David Teel over at the Daily Press reported that Virginia Tech athletic director Jim Weaver has recently proposed a plan that would pit the ACC against the SEC in a yearly battle of epic proportions. Weaver's plan:
With three intrastate ACC-SEC rivalries — Florida State-Florida, Clemson-South Carolina, and Georgia Tech-Georgia — permanent schedule fixtures, Weaver’s idea is for the remaining 11 schools in each conference to rotate home-and-home series. A complete cycle would take 22 years, an eternity in this era of hourly realignment.
A grand plan. The two 14-team leagues cycling through one another in an effort to get the good games so many college football fans crave; not to mention the sellouts that most athletic directors yearn for. While the rumored Pac-12 and Big Ten partnership has fallen through, the Hokies' athletic director is not turned off from the possibility, even with nine-game conference schedules looming on the horizon.

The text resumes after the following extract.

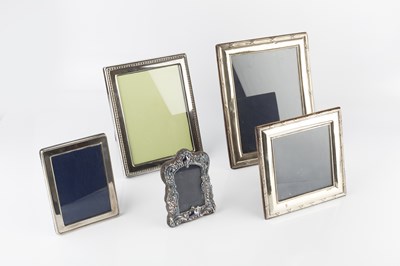 Lot 828 - A silver rectangular photograph frame, with...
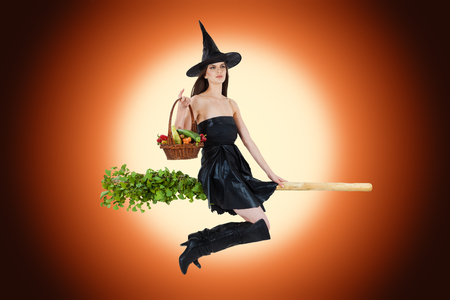 Young woman dressed as a witch carrying vegetable basket and riding a broom. Radial orange background.の写真素材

On the surface, it would make scheduling easier. Obviously the existing games would remain intact, for those schools, a nine-game conference schedule means finding just two games a season to flesh out the schedule. Should the rest of the teams in each league elect to go for the partnership, they too would be staring at just two games to fill the void. Ten quality games that sell and just two games to play FCS, non-BCS opponents or schedule another big time game.

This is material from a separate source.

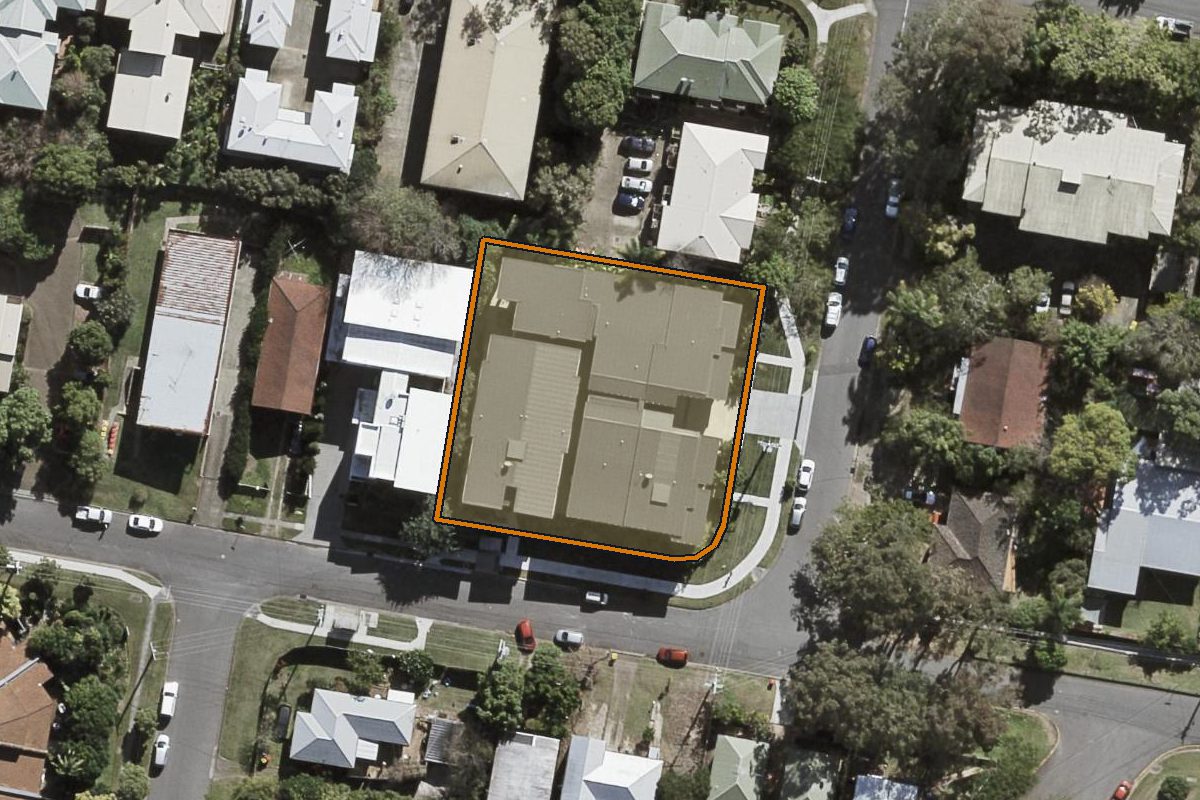 Aerial photo of 2 Woolley Street, Indooroopilly QLD 4068 with the lot boundary outlined in amber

Should the ACC explore a partnership with the SEC?
The one tweak that must happen to Weaver's plan? Instead of rotating through the entire roster of schools, the games must take one of two paths; annual contests against the same team or a format similar to the ACC-Big Ten challenge in basketball, matching up teams based upon quality.
By playing teams annually, the schools would get a chance to grow a rivalry. A game that fans will look forward to on a year-to-year basis. With Clemson, Georgia Tech and Florida State out of the picture due to their current engagements, it would be on the rest of the league to take on Alabama, LSU, Texas A&M and the rest of the conference.

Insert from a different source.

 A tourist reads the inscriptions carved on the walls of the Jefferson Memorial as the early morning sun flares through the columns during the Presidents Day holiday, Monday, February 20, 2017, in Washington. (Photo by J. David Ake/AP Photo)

It would be great for college football as whole and more importantly, from Jim Weaver's perspective, great for the ACC. It is a lot easier to sell out a game against a quality opponent and with an agreement like this, the league wouldn't have to scramble to find games.
The ACC folks should definitely push the interest in this agenda. Their biggest hurdle will be getting the all powerful SEC on board.